Poczytaj też to http://www.elektroda.pl/rtvforum/topic338507-360.html

Tomasz Antkowiak
07-08-2013, 22:12
Z obserwacji oryginalnego solara zainstalowego u znajomych, wlasnych przemyslen, oraz doswiadczen i wiedzy znajomych hurtownikow ktorzy solary sprzedaja:

- to sie zupelnie nie oplaca bo jest koszmarnie drogie a ch*ja warte :)
- glikol w solarze: 90 stopni... niby super... ale woda w zasobniku na koniec dnia ledwie 25 stopni... i i tak trzeba dogrzewac...

tyle nt oryginalnego solara... u mnie to nie ma racji bytu...

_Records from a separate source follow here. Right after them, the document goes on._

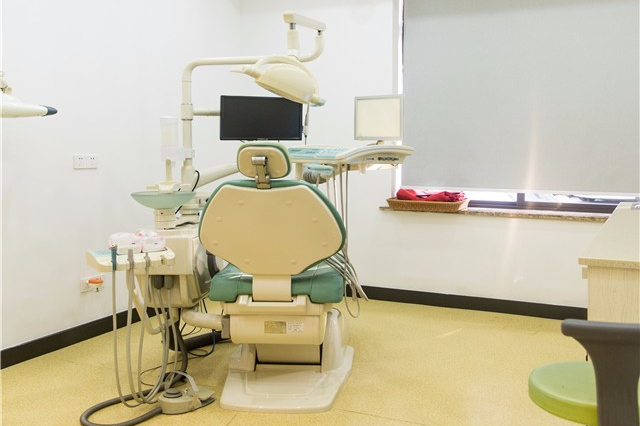 口腔种植医生需要接受哪些教育和培训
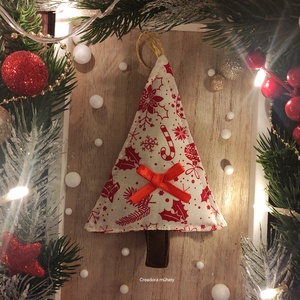 Karácsonyfa függő, textil fenyőfa, krém piros mintás - karácsony - karácsonyi lakásdekoráció - karácsonyi lakásdíszek - Meska.hu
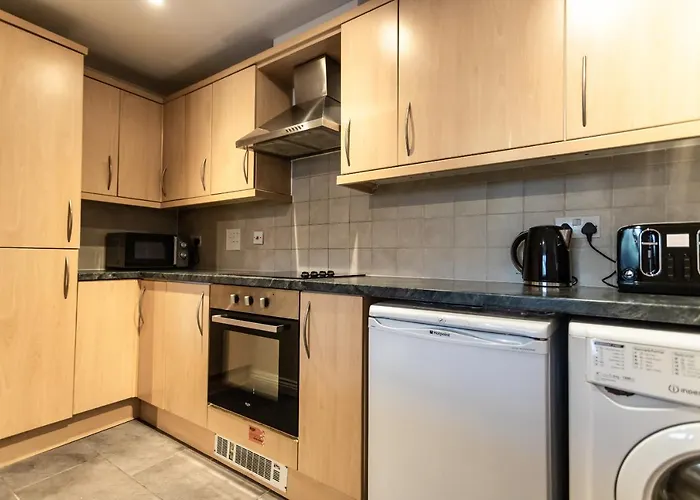 October Disc - Long - Contractors - Frances Mews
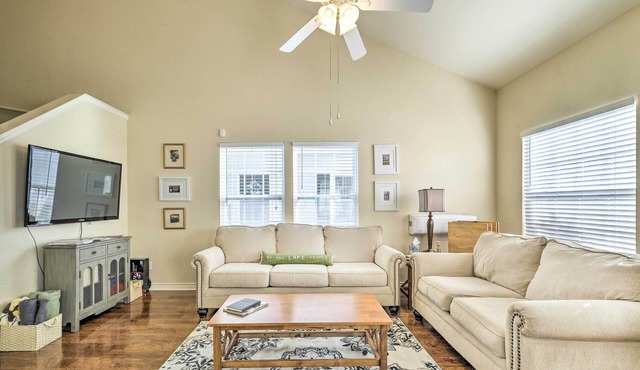 Walk to Lake: Family Gem w/Pool Access in Afton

Netbet, jesli cos ukladac pod blache to raczej miedz... mozna kupic w rolkach zeby bylo mniej lutowania... ale bedzie znacznie drozej...
trzeba by dokladnie przemyslec i jeszcze dokladniej wykonac wymiennik aby sprawnosc byla wysoka bo inaczej gowno z tego bedzie a nie oszczednosc:) tzn kase zamiast wydac na dogrzanie wody wydasz na pompe ktora ci bedzie czynnik tloczyc
Grzejniki panelowe do mnie nie przemawiaja zupelnie... sa stare, stalowe, ciezkie i ja bym tego na dachu nie chcial miec... dlaczego? a chocby dlatego ze pod blaszanym pokryciem wystepuje skraplanie pary wodnej i takie panele co rano byly by pokryte wilgocia do chwile az wysoka temp ich nie osuszy, po kilku latach szlag je trafi i wez czlowieku wydostan je spad blachy...

IMO: jesli cokolwiek to jedynie miedz. poukladana w wezownice na poludniowej polaci. jakis minimalny przekroj + delikatna pompa i bardzo sprawny wymiennik ciepla. W wezownicy glikol, nie woda. Calosc uzbrojona w czujnik jakis, naczynie wzbiorcze i chocby prosta automatyke do sterowania pompa.

koniec wymadrzania sie :)

pssst... fotruna czarne :) wasze zdrowie :)

jendrulakowalski
09-08-2013, 13:46
Dodam ze dwa grosze bo mi się nudzi.
Na dach to bym dał przemysłowy wąż do gorącej wody, najlepiej czarny - są takie.
Przykładowo:
http://sklep.ticon.pl/category.php?catx=18&caty=20&sort=3
http://www.rynmar.pl/waz_do_wody_goracej.php
http://www.valmark.pl/weze-przemyslowe/weze-do-goracej-wody-i-pary#weze-do-goracej-wody-i-pary-rodzaje

Drogie ale tańsze od miedzi i wygodniejsze. Raczej ułożenie między łatami bezproblemowe.
A tak ogólnie to raczej do takich wynalazków to najlepiej dopasować konstrukcję budynku przed jego wybudowaniem :p.
Dla większości polskich domków już wybudowanych występują 2 opcje
- solary
- "wojny na złomowisku":cool:

Tak sobie pod wpływem innego postu rozważałem nad konstrukcyjnymi aspektami budynku pasywnego i najlepszym rozwiązaniem dla ściągania ciepła z dachu był by lany jednospadowy dach o niskim kącie nachylenia i zwrócony oczywiście optymalnie na południe z utopionym wężem o którym pisałem i czarną dachówką/blachą albo jeszcze lepiej - papą, no i wylany na przemurowaniu z przykładowo betonu komórkowego w warstwie ocieplenia dachu (2 warstwy + płaski wieniec z lanym dachem)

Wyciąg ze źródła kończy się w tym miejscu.